● Provided entries:
···
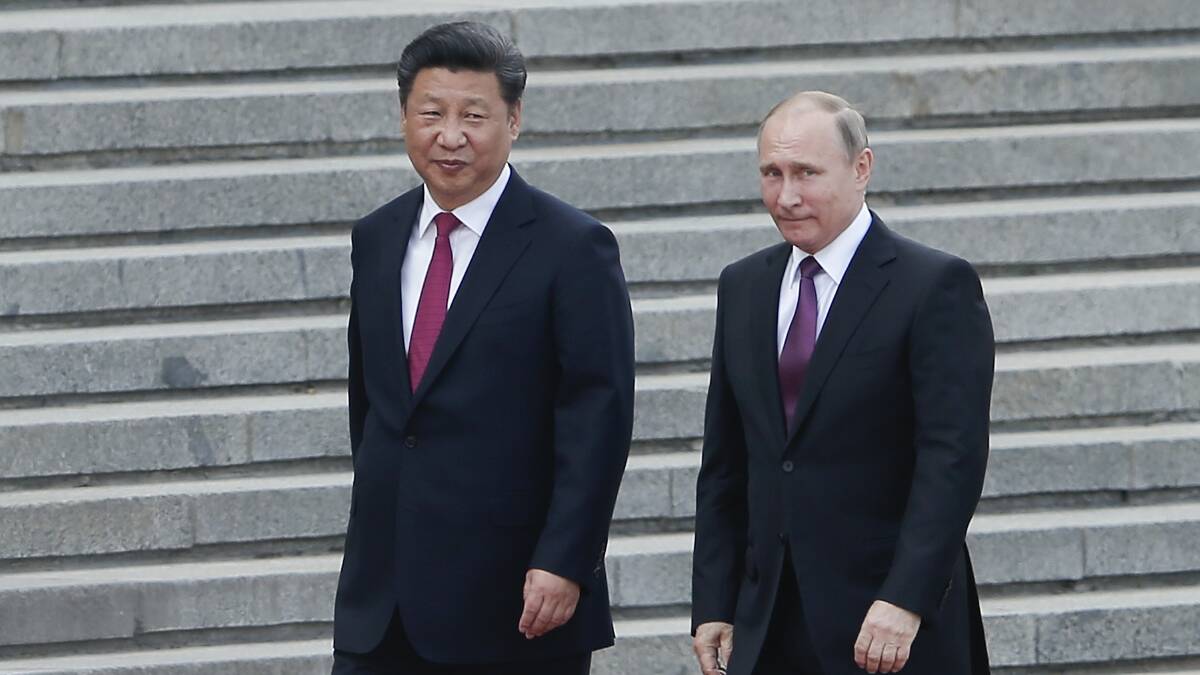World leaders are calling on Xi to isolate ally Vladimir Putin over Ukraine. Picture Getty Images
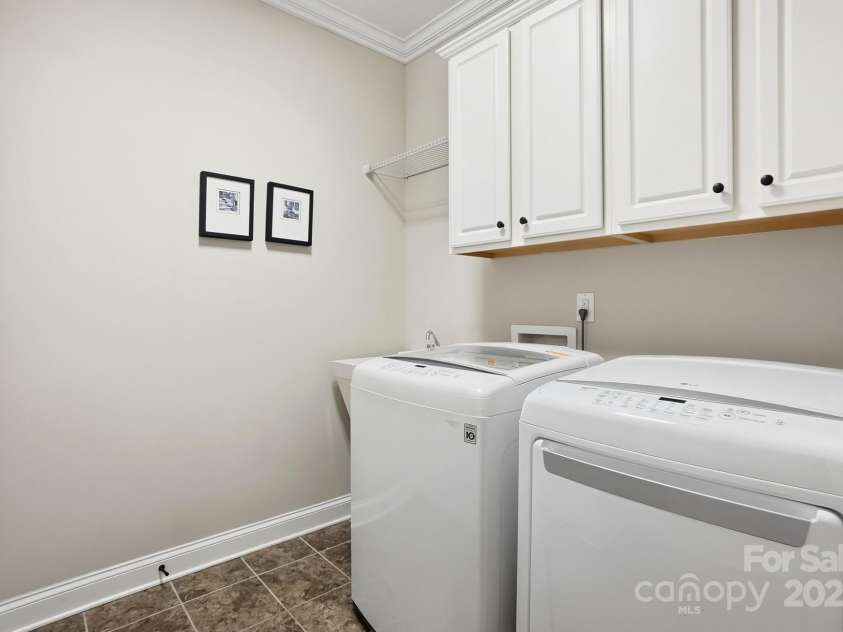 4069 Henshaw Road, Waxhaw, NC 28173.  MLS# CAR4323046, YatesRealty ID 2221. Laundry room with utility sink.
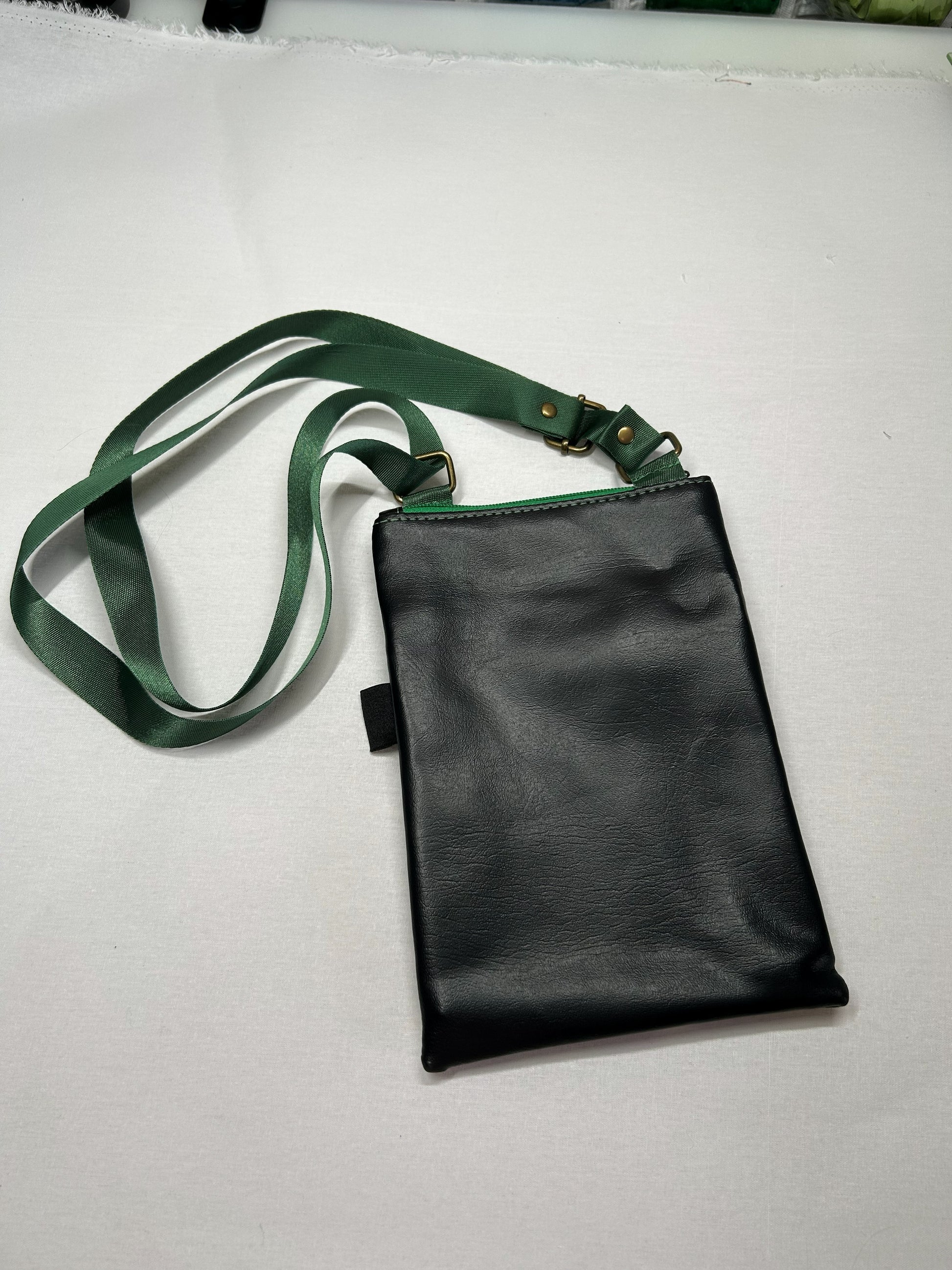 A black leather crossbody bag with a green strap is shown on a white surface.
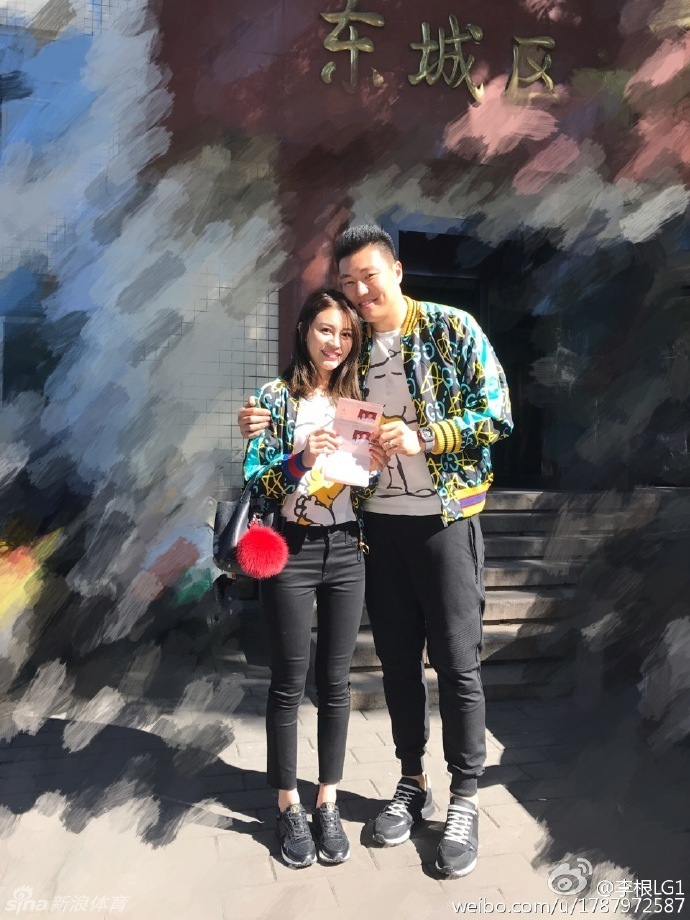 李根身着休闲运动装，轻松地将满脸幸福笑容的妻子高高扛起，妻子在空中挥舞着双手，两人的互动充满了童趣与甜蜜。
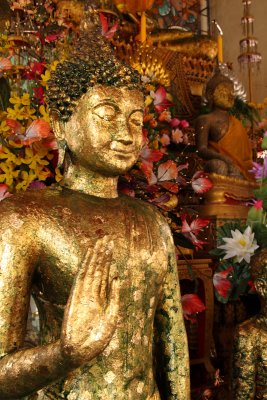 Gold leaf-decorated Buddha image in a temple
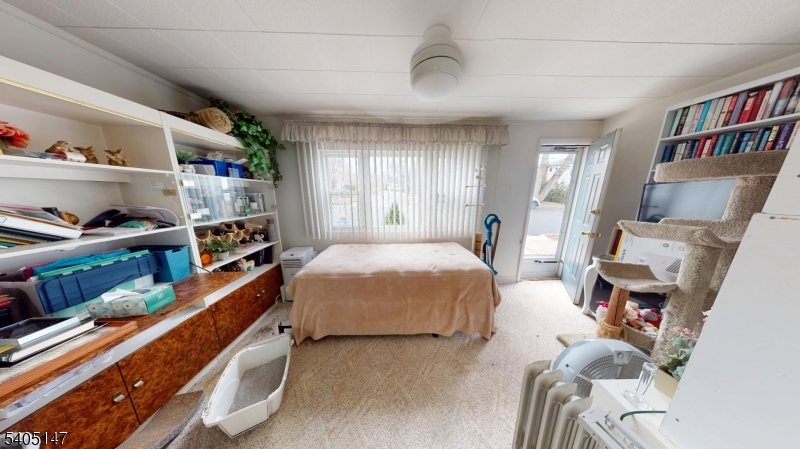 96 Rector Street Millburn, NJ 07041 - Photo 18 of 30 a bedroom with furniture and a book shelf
···
● What needs to be done: The reply has to reproduce every line above verbatim and contain no pictures.

● Result for this exercise:
World leaders are calling on Xi to isolate ally Vladimir Putin over Ukraine. Picture Getty Images
 4069 Henshaw Road, Waxhaw, NC 28173.  MLS# CAR4323046, YatesRealty ID 2221. Laundry room with utility sink.
 A black leather crossbody bag with a green strap is shown on a white surface.
 李根身着休闲运动装，轻松地将满脸幸福笑容的妻子高高扛起，妻子在空中挥舞着双手，两人的互动充满了童趣与甜蜜。
 Gold leaf-decorated Buddha image in a temple
 96 Rector Street Millburn, NJ 07041 - Photo 18 of 30 a bedroom with furniture and a book shelf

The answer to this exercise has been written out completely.